Syria's main opposition group on Thursday insisted President Bashar Al-Assad must go and rejected calls to join forces against Islamic State (ISIS) jihadists as it met with Russia's foreign minister.
The head of Syria's National Coalition Khaled Khoja held talks with top diplomat Sergei Lavrov as part of a fresh push by Russia to find a way out of the four-year civil war that has cost some 240,000 lives, the AFP news agency reported.
Moscow -- one of Assad's few remaining backers -- is pushing a plan for a broader grouping than the international coalition fighting the ISIS, to include Syria's government and its allies.
But Khoja -- in Moscow for his first talks since February 2014 -- ruled out cooperating with Assad and reiterated demands that the strongman must leave before any transitional government can be set up.

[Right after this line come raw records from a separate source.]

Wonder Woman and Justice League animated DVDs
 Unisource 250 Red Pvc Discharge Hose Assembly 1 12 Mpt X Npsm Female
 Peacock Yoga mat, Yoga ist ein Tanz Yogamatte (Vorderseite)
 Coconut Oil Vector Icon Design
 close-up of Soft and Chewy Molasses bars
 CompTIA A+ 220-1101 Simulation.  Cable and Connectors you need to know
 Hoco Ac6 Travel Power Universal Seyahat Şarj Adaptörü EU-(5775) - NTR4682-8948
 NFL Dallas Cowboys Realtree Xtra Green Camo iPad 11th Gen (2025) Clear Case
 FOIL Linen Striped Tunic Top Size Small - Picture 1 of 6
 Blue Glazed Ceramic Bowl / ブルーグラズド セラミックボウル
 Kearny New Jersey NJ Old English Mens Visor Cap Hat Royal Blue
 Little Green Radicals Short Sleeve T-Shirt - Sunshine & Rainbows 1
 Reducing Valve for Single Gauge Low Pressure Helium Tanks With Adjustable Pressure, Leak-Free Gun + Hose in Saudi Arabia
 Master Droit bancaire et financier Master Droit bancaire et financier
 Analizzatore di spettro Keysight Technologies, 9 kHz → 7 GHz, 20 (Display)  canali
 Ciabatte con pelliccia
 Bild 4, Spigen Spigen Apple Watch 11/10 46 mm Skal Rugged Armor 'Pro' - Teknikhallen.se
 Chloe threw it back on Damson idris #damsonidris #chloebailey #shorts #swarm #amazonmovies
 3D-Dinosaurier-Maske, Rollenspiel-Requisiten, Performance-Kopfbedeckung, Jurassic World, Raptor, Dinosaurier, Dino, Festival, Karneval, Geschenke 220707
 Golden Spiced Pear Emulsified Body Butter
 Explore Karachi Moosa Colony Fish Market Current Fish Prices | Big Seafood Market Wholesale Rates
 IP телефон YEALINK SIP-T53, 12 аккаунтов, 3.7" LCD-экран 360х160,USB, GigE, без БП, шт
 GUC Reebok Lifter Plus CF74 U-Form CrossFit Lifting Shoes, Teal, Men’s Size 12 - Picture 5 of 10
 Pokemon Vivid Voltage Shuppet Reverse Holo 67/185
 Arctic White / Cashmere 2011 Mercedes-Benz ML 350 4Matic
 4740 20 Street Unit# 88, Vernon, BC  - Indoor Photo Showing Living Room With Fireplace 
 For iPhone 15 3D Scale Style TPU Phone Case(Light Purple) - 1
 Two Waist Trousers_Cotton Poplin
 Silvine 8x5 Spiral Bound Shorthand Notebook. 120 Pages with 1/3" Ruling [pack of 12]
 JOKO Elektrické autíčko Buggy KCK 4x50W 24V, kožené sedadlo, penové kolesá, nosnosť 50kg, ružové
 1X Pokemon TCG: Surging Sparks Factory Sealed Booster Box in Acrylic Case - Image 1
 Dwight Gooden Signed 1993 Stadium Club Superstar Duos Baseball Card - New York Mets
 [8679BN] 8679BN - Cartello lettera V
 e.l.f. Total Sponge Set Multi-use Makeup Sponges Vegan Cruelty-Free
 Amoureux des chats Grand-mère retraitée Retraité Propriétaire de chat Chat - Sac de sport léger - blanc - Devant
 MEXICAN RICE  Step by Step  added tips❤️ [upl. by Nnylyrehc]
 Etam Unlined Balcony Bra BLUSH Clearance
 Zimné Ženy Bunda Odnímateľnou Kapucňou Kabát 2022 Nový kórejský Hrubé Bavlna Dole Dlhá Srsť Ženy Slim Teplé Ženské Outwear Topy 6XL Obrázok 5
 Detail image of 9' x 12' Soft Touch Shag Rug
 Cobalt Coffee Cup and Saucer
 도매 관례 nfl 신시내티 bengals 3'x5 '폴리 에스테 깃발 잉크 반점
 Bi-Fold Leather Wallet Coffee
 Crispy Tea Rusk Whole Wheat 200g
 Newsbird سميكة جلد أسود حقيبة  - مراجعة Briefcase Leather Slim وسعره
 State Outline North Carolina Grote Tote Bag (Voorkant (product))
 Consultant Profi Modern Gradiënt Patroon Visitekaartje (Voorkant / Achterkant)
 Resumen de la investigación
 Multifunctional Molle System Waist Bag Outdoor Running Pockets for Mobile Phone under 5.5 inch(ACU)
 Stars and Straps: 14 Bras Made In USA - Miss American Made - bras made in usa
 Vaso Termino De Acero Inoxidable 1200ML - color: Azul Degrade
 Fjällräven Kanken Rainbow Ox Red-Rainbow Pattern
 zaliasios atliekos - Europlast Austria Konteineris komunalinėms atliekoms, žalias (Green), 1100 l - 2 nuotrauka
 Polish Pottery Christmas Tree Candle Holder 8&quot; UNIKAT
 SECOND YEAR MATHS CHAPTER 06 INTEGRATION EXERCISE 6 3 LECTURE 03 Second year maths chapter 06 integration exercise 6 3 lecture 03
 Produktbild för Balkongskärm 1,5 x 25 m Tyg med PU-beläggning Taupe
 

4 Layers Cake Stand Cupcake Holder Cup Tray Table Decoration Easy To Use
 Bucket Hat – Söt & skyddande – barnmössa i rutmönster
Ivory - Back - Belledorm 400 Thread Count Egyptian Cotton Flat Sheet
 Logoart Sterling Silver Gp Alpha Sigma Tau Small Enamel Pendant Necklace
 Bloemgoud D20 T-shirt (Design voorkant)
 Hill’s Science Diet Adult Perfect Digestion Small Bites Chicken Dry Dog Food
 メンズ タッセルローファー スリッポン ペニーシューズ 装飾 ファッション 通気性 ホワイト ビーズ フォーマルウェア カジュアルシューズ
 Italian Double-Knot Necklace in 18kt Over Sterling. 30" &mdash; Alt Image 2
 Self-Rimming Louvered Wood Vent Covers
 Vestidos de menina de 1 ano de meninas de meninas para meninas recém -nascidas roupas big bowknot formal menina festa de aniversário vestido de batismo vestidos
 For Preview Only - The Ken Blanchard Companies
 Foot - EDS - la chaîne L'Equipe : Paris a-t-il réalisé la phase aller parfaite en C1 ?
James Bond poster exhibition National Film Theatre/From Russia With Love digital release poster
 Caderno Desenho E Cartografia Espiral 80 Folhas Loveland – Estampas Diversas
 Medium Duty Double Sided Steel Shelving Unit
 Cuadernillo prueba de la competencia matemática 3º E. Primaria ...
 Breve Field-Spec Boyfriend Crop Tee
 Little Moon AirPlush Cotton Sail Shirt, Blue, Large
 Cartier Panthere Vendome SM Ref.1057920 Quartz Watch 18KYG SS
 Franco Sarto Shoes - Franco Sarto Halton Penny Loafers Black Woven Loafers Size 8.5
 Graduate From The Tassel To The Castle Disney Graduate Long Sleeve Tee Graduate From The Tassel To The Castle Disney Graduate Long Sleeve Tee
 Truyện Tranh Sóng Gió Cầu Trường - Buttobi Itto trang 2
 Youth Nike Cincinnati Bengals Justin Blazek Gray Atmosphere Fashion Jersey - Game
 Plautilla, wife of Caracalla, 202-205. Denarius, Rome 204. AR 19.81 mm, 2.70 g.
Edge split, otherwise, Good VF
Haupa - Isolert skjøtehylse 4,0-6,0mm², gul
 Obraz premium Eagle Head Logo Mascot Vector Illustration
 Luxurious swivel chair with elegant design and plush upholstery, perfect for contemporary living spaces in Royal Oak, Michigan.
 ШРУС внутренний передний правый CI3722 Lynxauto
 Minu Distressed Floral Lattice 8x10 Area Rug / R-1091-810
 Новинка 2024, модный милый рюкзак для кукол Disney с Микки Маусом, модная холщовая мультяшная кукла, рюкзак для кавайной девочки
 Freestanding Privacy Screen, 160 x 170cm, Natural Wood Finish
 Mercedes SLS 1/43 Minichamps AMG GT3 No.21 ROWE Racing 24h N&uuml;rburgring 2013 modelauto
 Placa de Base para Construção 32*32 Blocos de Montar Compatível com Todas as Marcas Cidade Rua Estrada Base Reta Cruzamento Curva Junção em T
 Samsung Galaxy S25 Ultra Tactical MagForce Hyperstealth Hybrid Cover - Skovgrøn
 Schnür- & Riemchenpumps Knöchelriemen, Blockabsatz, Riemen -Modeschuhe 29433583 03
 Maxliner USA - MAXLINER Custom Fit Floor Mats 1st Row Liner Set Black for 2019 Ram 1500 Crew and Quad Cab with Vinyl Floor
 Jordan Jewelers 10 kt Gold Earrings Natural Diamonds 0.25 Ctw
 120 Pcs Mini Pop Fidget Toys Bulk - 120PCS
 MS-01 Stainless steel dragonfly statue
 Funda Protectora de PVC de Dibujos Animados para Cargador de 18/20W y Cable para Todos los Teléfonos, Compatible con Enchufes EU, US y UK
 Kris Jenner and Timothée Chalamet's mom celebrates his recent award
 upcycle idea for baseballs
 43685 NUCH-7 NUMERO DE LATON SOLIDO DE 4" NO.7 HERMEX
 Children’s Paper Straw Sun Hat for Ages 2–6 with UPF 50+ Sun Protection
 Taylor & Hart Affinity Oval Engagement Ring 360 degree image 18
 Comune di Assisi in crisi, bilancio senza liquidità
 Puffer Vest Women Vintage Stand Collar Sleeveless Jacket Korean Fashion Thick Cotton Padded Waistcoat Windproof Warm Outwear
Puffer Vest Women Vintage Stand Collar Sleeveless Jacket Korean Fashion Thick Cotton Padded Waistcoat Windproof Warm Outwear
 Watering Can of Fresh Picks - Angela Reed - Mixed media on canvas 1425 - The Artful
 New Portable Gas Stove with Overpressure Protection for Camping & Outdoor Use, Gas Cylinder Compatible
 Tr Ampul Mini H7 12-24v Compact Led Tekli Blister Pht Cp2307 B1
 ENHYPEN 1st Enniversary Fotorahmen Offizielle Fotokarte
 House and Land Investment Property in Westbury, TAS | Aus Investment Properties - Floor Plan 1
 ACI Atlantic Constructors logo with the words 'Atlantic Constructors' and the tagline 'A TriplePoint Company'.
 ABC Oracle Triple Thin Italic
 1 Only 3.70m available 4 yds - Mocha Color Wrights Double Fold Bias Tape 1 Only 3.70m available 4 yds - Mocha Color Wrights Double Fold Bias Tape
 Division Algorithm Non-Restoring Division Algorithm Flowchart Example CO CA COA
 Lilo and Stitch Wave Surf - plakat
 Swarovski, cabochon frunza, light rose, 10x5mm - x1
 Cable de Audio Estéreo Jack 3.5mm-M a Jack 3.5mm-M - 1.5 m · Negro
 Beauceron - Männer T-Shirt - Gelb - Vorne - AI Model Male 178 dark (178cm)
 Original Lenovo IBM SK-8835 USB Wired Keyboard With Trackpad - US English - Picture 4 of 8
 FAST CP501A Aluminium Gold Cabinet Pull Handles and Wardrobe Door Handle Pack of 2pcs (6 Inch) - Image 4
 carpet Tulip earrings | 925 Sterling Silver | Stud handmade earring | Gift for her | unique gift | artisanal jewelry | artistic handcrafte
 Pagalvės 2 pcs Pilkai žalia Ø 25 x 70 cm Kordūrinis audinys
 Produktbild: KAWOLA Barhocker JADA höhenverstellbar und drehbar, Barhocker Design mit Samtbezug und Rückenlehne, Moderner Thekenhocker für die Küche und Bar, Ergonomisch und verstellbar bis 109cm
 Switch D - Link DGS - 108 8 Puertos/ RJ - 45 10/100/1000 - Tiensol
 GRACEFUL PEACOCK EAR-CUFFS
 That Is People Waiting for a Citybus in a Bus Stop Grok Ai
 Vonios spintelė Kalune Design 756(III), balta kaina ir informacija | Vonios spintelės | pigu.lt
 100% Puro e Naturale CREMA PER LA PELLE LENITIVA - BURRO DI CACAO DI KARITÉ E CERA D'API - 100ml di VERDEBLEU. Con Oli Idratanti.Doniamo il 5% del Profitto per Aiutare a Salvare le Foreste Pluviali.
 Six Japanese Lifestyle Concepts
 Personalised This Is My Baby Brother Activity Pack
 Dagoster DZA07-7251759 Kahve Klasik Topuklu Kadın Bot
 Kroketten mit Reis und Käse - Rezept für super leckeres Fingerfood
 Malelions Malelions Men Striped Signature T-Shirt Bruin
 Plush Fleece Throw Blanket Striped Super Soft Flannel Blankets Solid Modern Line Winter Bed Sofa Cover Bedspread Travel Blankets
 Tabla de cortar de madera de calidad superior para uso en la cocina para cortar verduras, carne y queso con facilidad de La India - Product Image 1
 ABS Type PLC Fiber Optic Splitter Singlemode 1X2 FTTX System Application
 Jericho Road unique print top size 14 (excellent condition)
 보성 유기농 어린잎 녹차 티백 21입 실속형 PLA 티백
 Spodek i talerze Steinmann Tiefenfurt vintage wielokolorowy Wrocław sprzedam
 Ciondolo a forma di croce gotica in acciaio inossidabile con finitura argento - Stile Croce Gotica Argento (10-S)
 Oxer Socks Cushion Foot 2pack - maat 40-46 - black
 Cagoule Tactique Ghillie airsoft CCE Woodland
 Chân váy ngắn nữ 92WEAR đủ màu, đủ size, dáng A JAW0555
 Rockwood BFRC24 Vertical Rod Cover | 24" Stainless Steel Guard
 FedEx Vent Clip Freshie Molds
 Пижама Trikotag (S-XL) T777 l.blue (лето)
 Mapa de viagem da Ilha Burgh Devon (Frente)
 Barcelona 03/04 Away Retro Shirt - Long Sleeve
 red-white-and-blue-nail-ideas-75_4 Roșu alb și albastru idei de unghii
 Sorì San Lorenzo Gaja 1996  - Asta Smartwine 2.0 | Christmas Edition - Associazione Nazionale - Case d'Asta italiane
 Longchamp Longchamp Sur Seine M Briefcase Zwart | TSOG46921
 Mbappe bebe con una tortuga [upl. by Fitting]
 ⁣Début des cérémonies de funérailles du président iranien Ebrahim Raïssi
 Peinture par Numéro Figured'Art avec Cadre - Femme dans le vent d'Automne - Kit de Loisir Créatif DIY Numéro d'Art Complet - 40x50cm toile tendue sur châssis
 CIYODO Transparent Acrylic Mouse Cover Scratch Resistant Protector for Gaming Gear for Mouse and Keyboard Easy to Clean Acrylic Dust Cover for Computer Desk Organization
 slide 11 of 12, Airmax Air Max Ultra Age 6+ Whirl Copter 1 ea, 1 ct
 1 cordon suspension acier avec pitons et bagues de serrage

"Bashar Assad has no role in the future of Syria," Khoja said in an interview with the Interfax news agency translated into Russian and quoted by AFP.
At the start of the meeting, Lavrov insisted that Russia was working with regional and international players to find a political solution to the crisis and stop Syria from becoming a "hotbed of terrorism".
"The main thing now is that these interests translate into practical coordinated steps," Lavrov said.
National Coalition representative Badr Jamous described the visit as "very good", Russian Interfax reported after the sit-down.
"There were many issues where we agreed with the Russian representatives," Jamous was quoted as saying.
Saudi Foreign Minister Adel al-Jubeir -- a key backer of the Syrian opposition -- rejected calls to work with Assad against ISIS after a meeting with Lavrov in Moscow on Tuesday.
The spate of meetings is part of a broader diplomatic flurry that saw Lavrov sit down with Jubeir and U.S. Secretary of State John Kerry in Doha earlier this month.
As part of the push, Lavrov is expected to meet with the head of a newer grouping of opposition figures known as the Cairo Conference Committee on Friday.
Syria's opposition and Western officials have hinted that Moscow's backing for Assad may be wavering, but Moscow insists it remains firmly behind the Syrian leader.
Recently, Putin said he is ready to "push" Assad towards introducing reforms in the war-torn country, but vowed he would continue to support his ally.